I first encountered the author P J Parrish in Paint It Black, a book I recall as a fine, entertaining novel. However, it was only when I reached the end of The Little Death and read the inside back cover, that I realised P J Parrish is not an author; it’s the pen name of two sisters – Kristy Montee and Kelly Nichols – who collaborate at long distance and have produced a number of bestselling and critically well received books. Their efforts – judging by the two books of theirs I have read – are smoothly combined, because I could not see the join. Indeed, so surprised was I by the discovery that P J Parrish had a split personality, I went back and read chunks of the book again to see if there was anything untoward; any loose ends, rough ends, inconsistencies or other such signs. I couldn’t see any. That alone is impressive.

This book centres on a Palm Beach investigation by their character Louis Kincaid, an ex-policeman working as a private investigator. The character of Kincaid is no cardboard cutout, with plenty of his musings painting a thoughtful, troubled individual. Difficult relationship? Check. Life progression doubts? Check? But fear not, the characterisation does not mean the plot is below par. While it does not have the (excessive) twists and turns of some modern bestselling authors, there is more than enough to keep the reader hooked.

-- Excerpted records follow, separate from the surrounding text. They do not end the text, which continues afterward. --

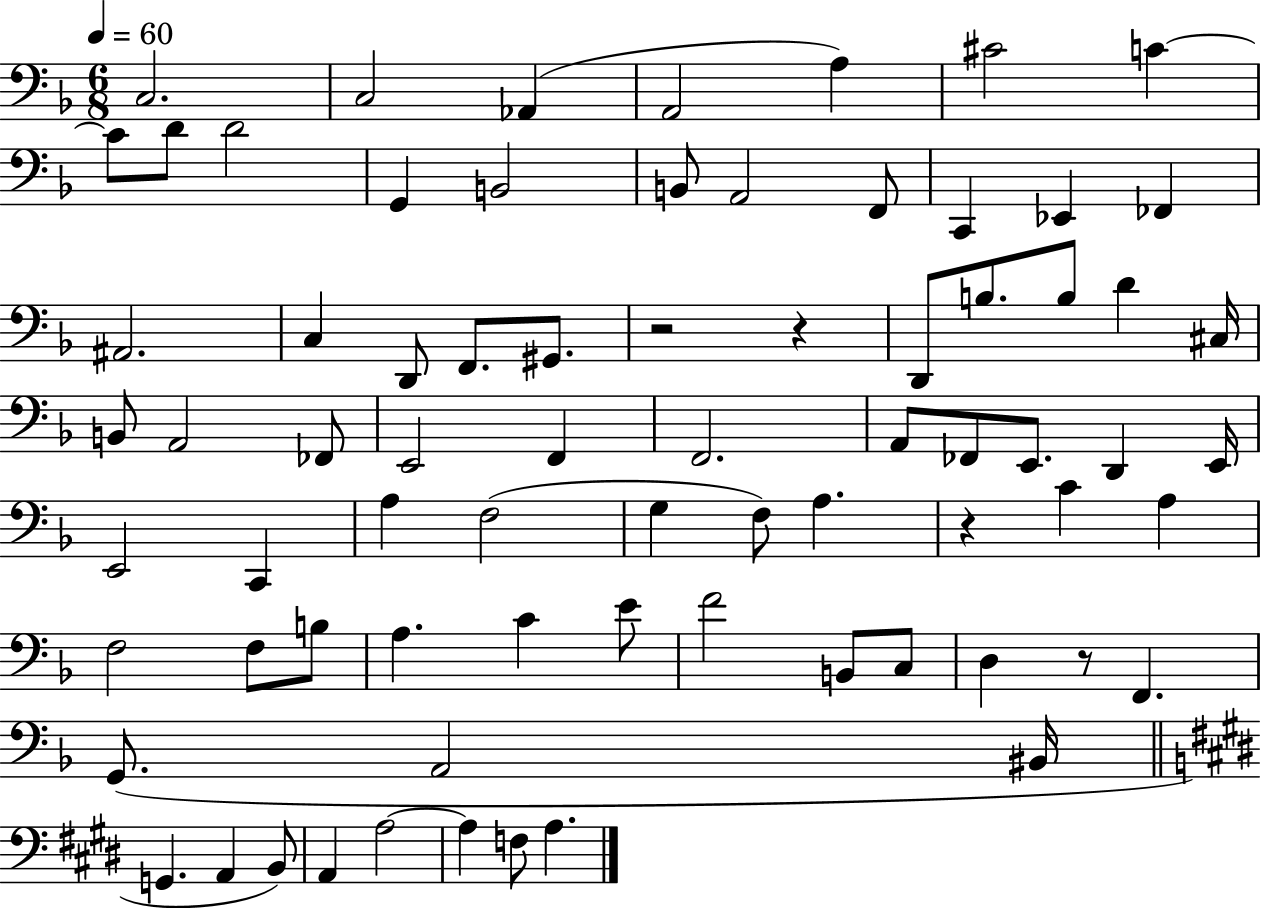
X:1
T:Untitled
M:6/8
L:1/4
K:F
C,2 C,2 _A,, A,,2 A, ^C2 C C/2 D/2 D2 G,, B,,2 B,,/2 A,,2 F,,/2 C,, _E,, _F,, ^A,,2 C, D,,/2 F,,/2 ^G,,/2 z2 z D,,/2 B,/2 B,/2 D ^C,/4 B,,/2 A,,2 _F,,/2 E,,2 F,, F,,2 A,,/2 _F,,/2 E,,/2 D,, E,,/4 E,,2 C,, A, F,2 G, F,/2 A, z C A, F,2 F,/2 B,/2 A, C E/2 F2 B,,/2 C,/2 D, z/2 F,, G,,/2 A,,2 ^B,,/4 G,, A,, B,,/2 A,, A,2 A, F,/2 A,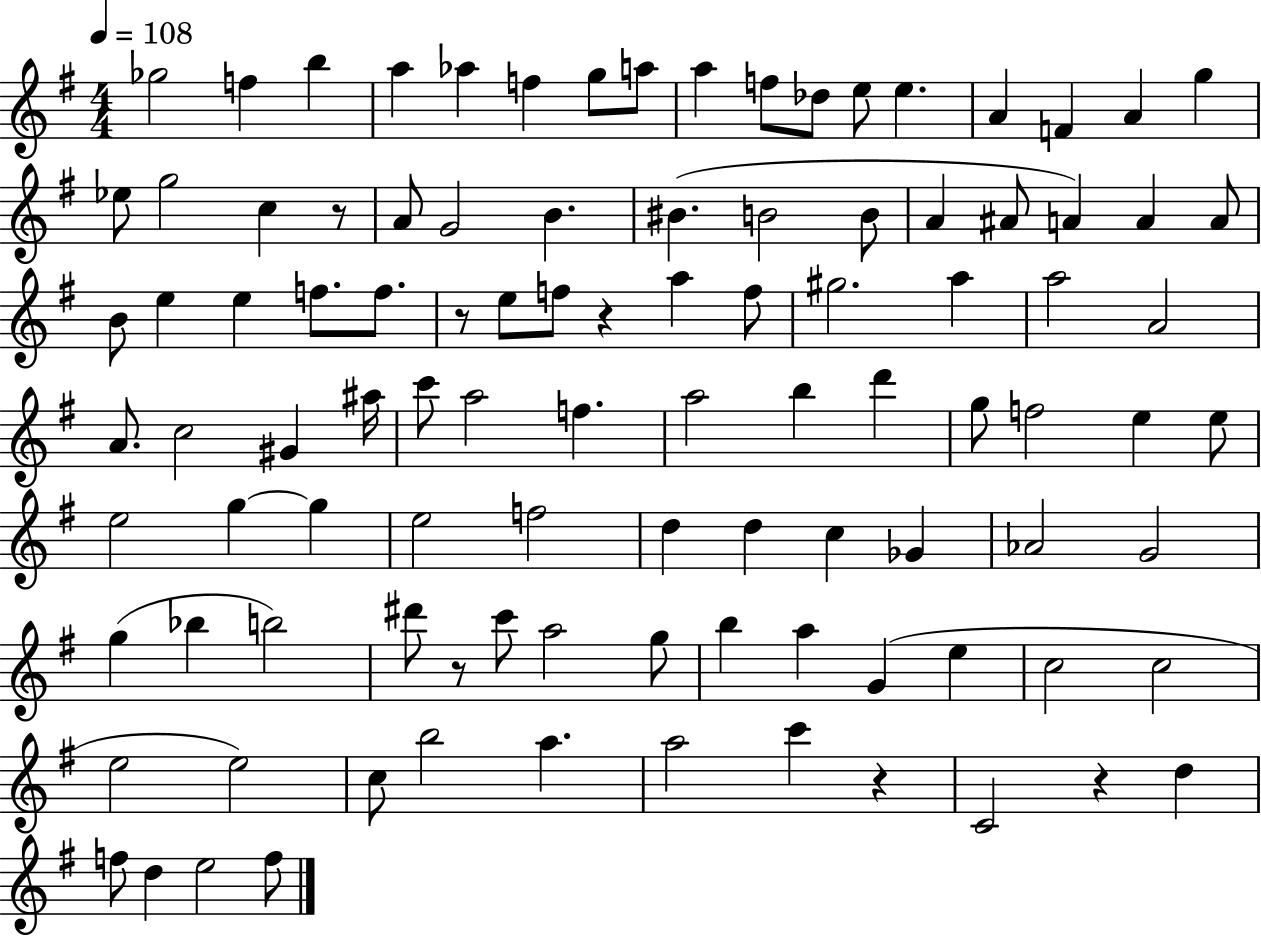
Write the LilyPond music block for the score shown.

{
  \clef treble
  \numericTimeSignature
  \time 4/4
  \key g \major
  \tempo 4 = 108
  ges''2 f''4 b''4 | a''4 aes''4 f''4 g''8 a''8 | a''4 f''8 des''8 e''8 e''4. | a'4 f'4 a'4 g''4 | \break ees''8 g''2 c''4 r8 | a'8 g'2 b'4. | bis'4.( b'2 b'8 | a'4 ais'8 a'4) a'4 a'8 | \break b'8 e''4 e''4 f''8. f''8. | r8 e''8 f''8 r4 a''4 f''8 | gis''2. a''4 | a''2 a'2 | \break a'8. c''2 gis'4 ais''16 | c'''8 a''2 f''4. | a''2 b''4 d'''4 | g''8 f''2 e''4 e''8 | \break e''2 g''4~~ g''4 | e''2 f''2 | d''4 d''4 c''4 ges'4 | aes'2 g'2 | \break g''4( bes''4 b''2) | dis'''8 r8 c'''8 a''2 g''8 | b''4 a''4 g'4( e''4 | c''2 c''2 | \break e''2 e''2) | c''8 b''2 a''4. | a''2 c'''4 r4 | c'2 r4 d''4 | \break f''8 d''4 e''2 f''8 | \bar "|."
}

Louis is working with another ex-policeman – Mel Landeta – on a murder case. (Landeta is nearly blind, a sub plot I didn’t quite grasp the significance of. ) A headless body has been found, and Reggie Kent, a male escort, is the prime suspect. Kent asked Landeta for help and got two for the price of one because Landeta brought his friend along, too. Kent is in the frame because the body is that of another escort – called a “walker” in the book – Kent had a relationship, of sorts, with. The backdrop is the incomparable Palm Beach; home to busty blondes, rich rascals, buyers and sellers of sex and whatever, and movers and shakers on the prowl and on the make. Or, to put it another way, it’s a living example of capitalism at its worst.

“In Palm Beach it was all about form. From the undulating eaves of the Spanish-tiled roofs to the precise placement of the potted geraniums on Worth Avenue, everything was designed to please the senses.”

As Kincaid and Landeta become actively involved, the plot builds up nicely. Soon they have a theory that the killing was not an isolated incident, but one victim of a serial killer. However, the police leading the investigation are still keen on pinning it all on Kent. The good guys, however, keep plugging away. Louis has a strange sexual encounter, and he and Landeta meet a fascinating selection of local characters.

This book has some clever snatches of dialogue, but that’s not its strength. Although the usual suspects are in plain sight, this was the first crime novel in a long time where the unravelling of the plot was so unexpected. That’s not its strength, either. This book’s strength is the straightforward combination of good writing, characters and plot delivered in a no-nonsense package.